Provision Confluent Cloud infrastructure

If you already have the Confluent Cloud resources required to populate a Table API client configuration file, e.g., from running a different tutorial, you may skip to the next step after creating or copying the properties file as documented here to joining-stream-stream/flink_table_api_java/src/main/resources/cloud.properties within the top-level tutorials directory.

If you need to create the Confluent Cloud infrastructure needed to run this tutorial, the confluent-flink-quickstart CLI plugin creates the resources that you need to get started with Confluent Cloud for Apache Flink. Install it by running:

confluent plugin install confluent-flink-quickstart

Run the plugin as follows to create the Confluent Cloud resources needed for this tutorial and generate a Table API client configuration file. Note that you may specify a different cloud provider (gcp or azure) or region. You can find supported regions in a given cloud provider by running confluent flink region list --cloud <CLOUD>.

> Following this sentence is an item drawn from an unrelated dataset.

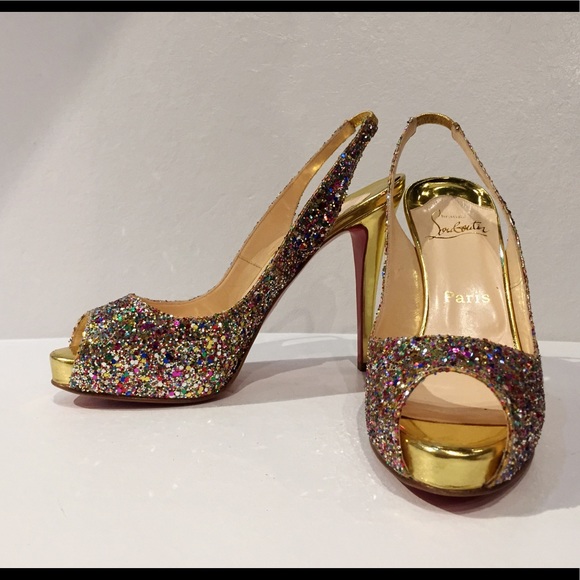 SOLD Authentic Christian Louboutin glitter heels - Picture 4 of 5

confluent flink quickstart \
    --name flink_table_api_tutorials \
    --max-cfu 10 \
    --region us-east-1 \
    --cloud aws \
    --table-api-client-config-file ./joining-stream-stream/flink_table_api_java/src/main/resources/cloud.properties

The plugin should complete in under a minute and will generate a properties file as documented here.

Inspect the code

Dependencies

Before digging into Java source code, first check out the two dependencies required to use the Flink Table API for Confluent Cloud. These are defined in the dependencies section of the joining-stream-stream/flink_table_api_java/build.gradle file. (For Maven, see the analogous pom.xml snippet here.)

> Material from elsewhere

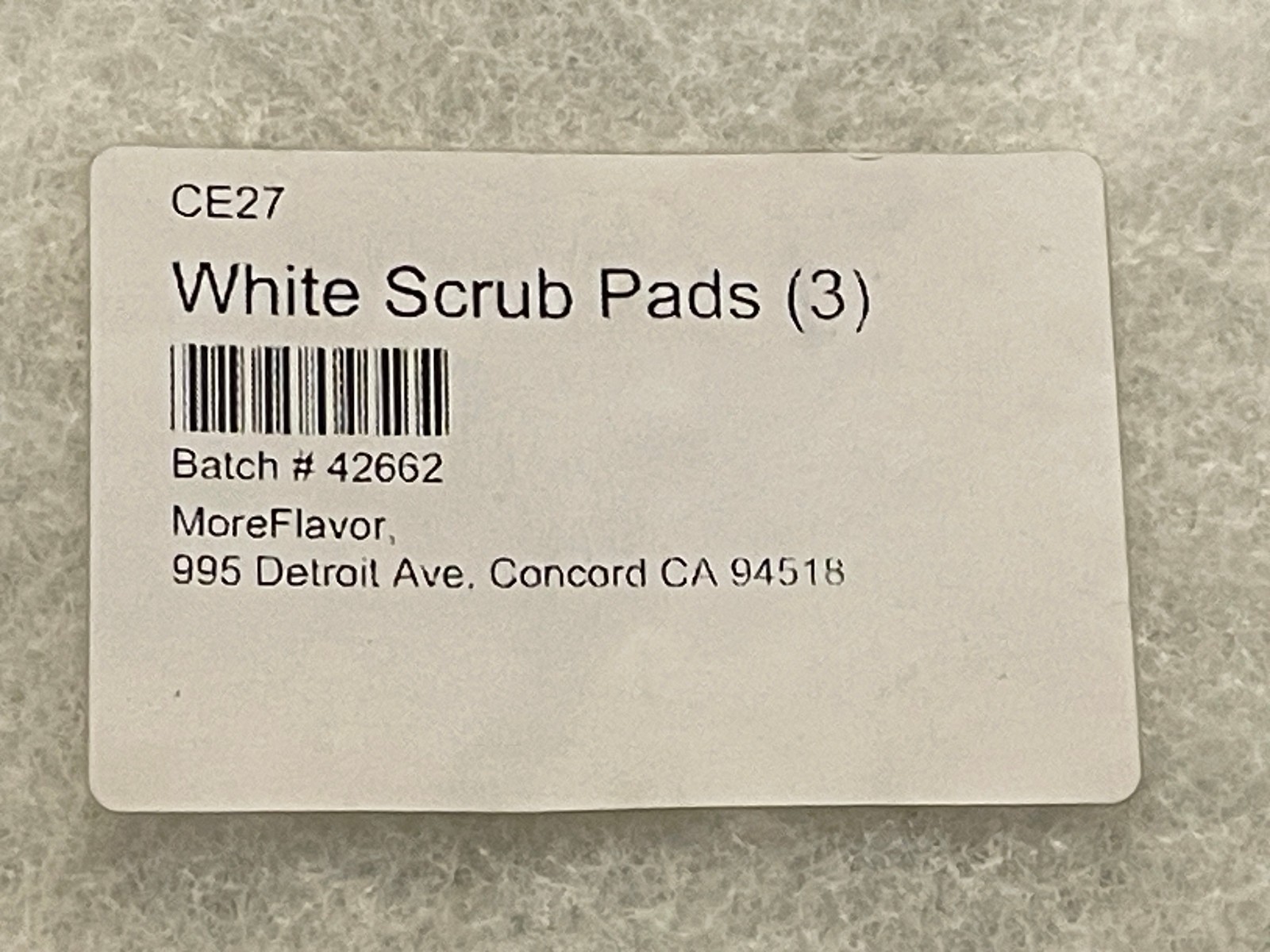 White Scrub & Scouring Pads for Beer and Wine Making Equipment – 3 Count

org.apache.flink:flink-table-api-java: This is the Apache Flink Table API implementation dependency. It contains, for example, the classes implementing the Table API DSL (domain-specific language).
io.confluent.flink:confluent-flink-table-api-java-plugin: This dependency contains the "glue" for instantiating an Apache Flink Table API table environment against Confluent Cloud (i.e., an implementation of the org.apache.flink.table.api.TableEnvironment interface), as well as other helper utilities that we will use in this tutorial.

Java source

Take a look at the source code in joining-stream-stream/flink_table_api_java/FlinkTableApiJoin.java. These two lines instantiate a table environment for executing Table API programs against Confluent Cloud:

EnvironmentSettings envSettings = ConfluentSettings.fromResource("/cloud.properties");
TableEnvironment tableEnv = TableEnvironment.create(envSettings);

Let's join two of Confluent Cloud's example tables: orders and customers. You can find these tables in the read-only marketplace database of the examples catalog. The source code in this example uses the Table API's Table.join and Table.where methods to join these tables on the common customer_id key. Note that we must rename one table's customer_id field since the field names of the two joined tables can't overlap. We also add a condition that the row time of the order must be greater than or equal to the row time of the customer row.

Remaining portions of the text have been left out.